*Assignment*: Using the material below, repeat exactly the lines from the one with "Disney Crew Neck" through the one with "2025 New In", ends included, without any images.

*Task data*:
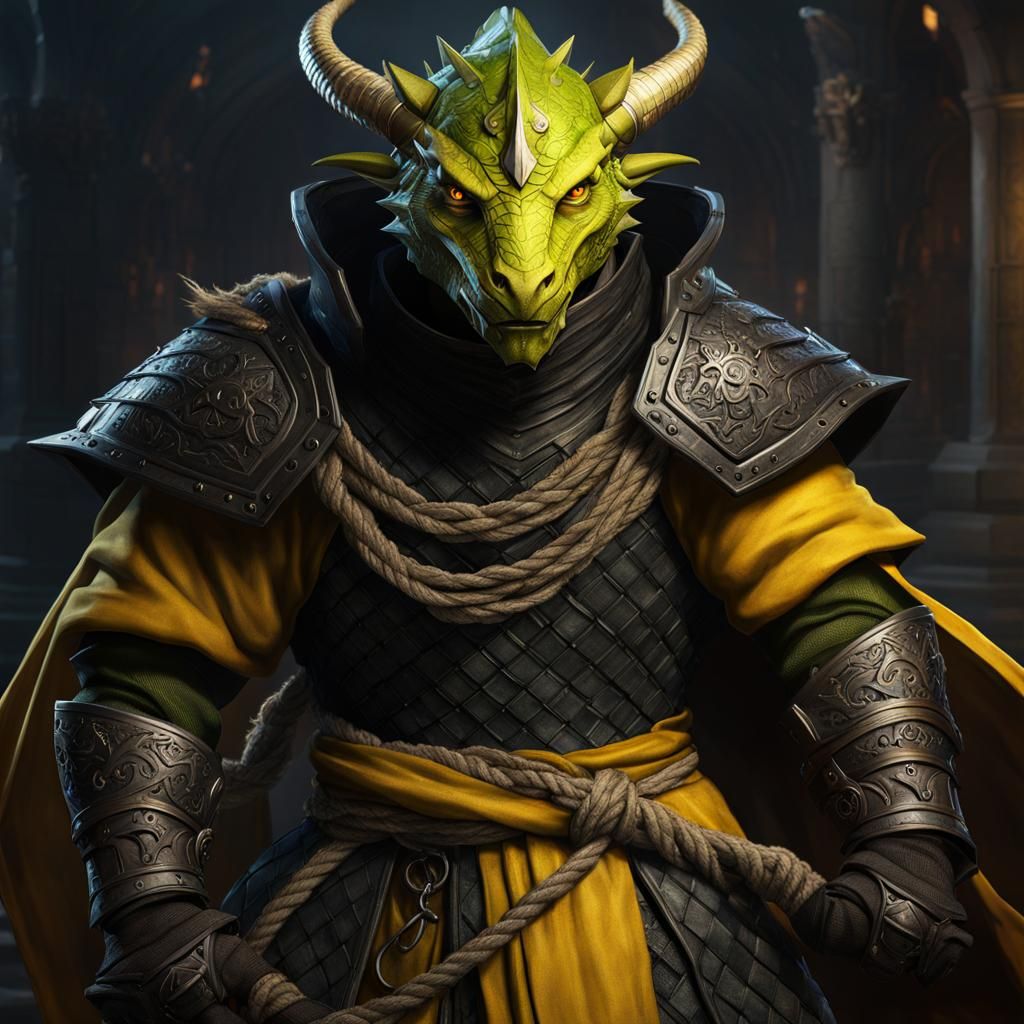 Dragonborn Monk in Dark Fantasy Concept Art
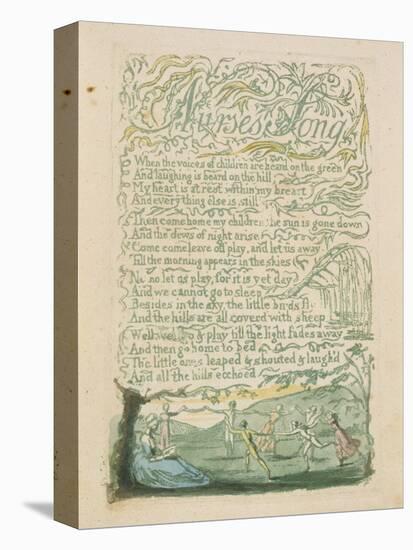 'Nurse's Song,' Plate 18 from 'Songs of Innocence,' 1789-William Blake-Stretched Canvas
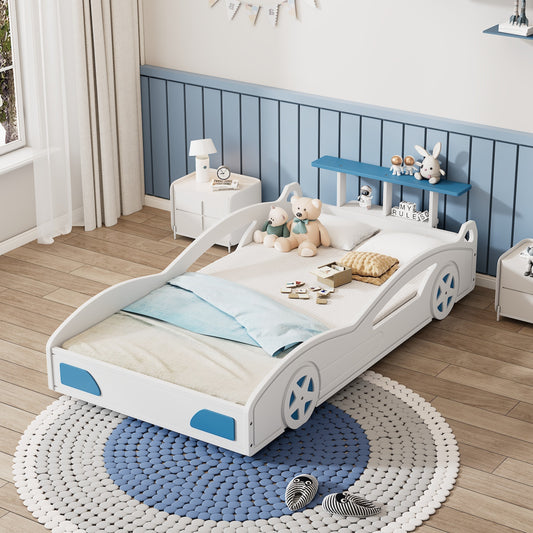 Wooden Race Car Bed,Car-Shaped Platform Twin Bed with Wheels For Teens,White & Blue
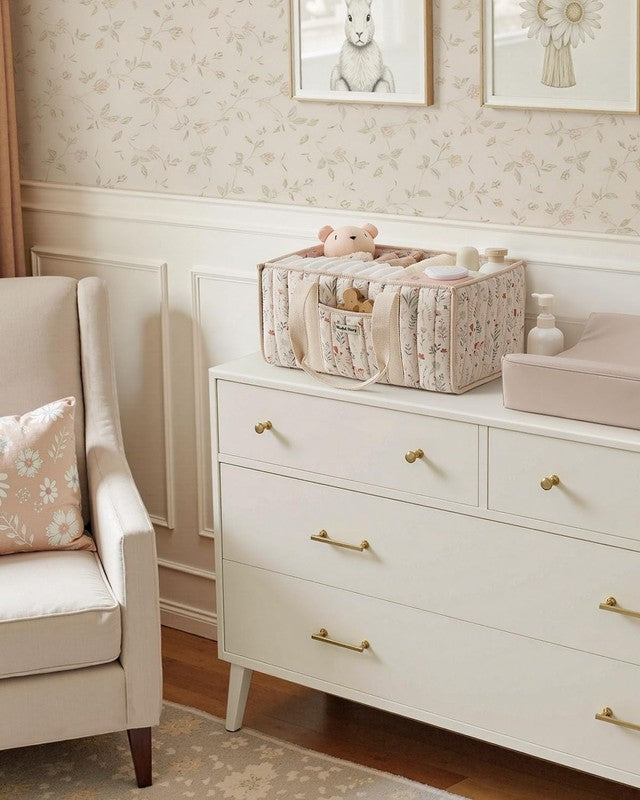 Floral Diaper Caddy Organizer Nursery Storage Basket Beige Baby4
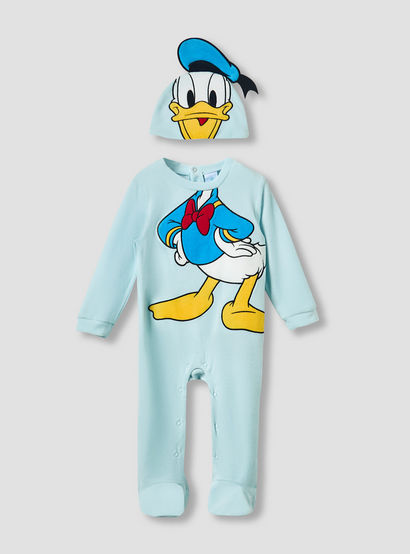 Disney Crew Neck Sleepsuit with Daisy Duck Print and Cap - Long Sleeves-baby-boys-clothing-nightwear-sleepsuits-image-1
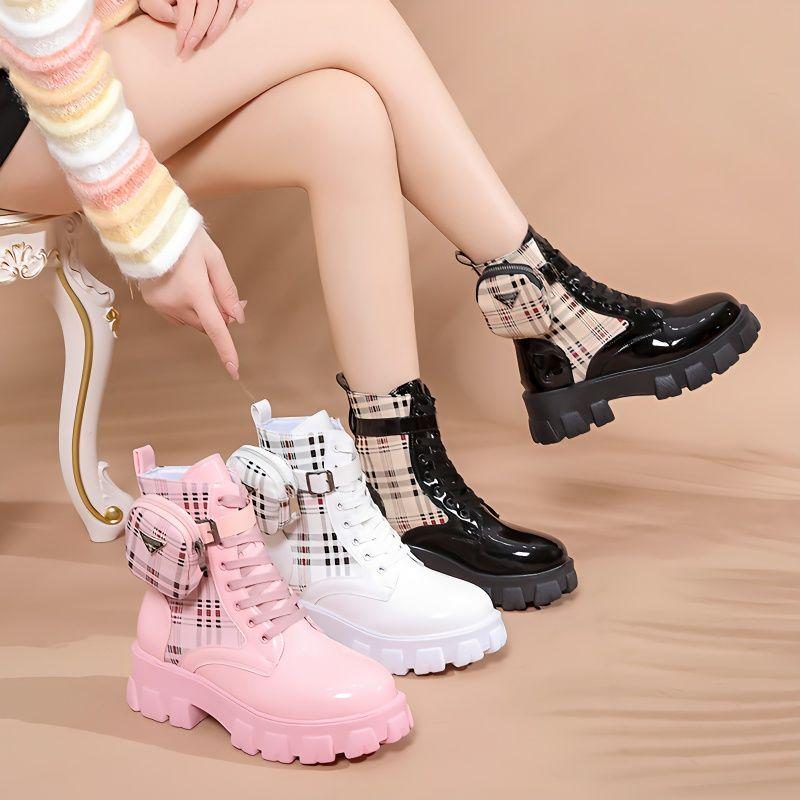 2025 New In Women's Boots Mujer Boots Women Platform High Top Fashion Boots Side Zipper Lace-up Versatile Warm Women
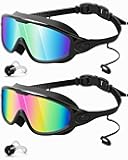 Rantizon Swim Goggles 2 Pack, Wide View Anti Fog&UV Swimming Goggles for Audlt, No Leaking Swim Glasses for Men Women Kids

*Final answer*:
 Disney Crew Neck Sleepsuit with Daisy Duck Print and Cap - Long Sleeves-baby-boys-clothing-nightwear-sleepsuits-image-1
 2025 New In Women's Boots Mujer Boots Women Platform High Top Fashion Boots Side Zipper Lace-up Versatile Warm Women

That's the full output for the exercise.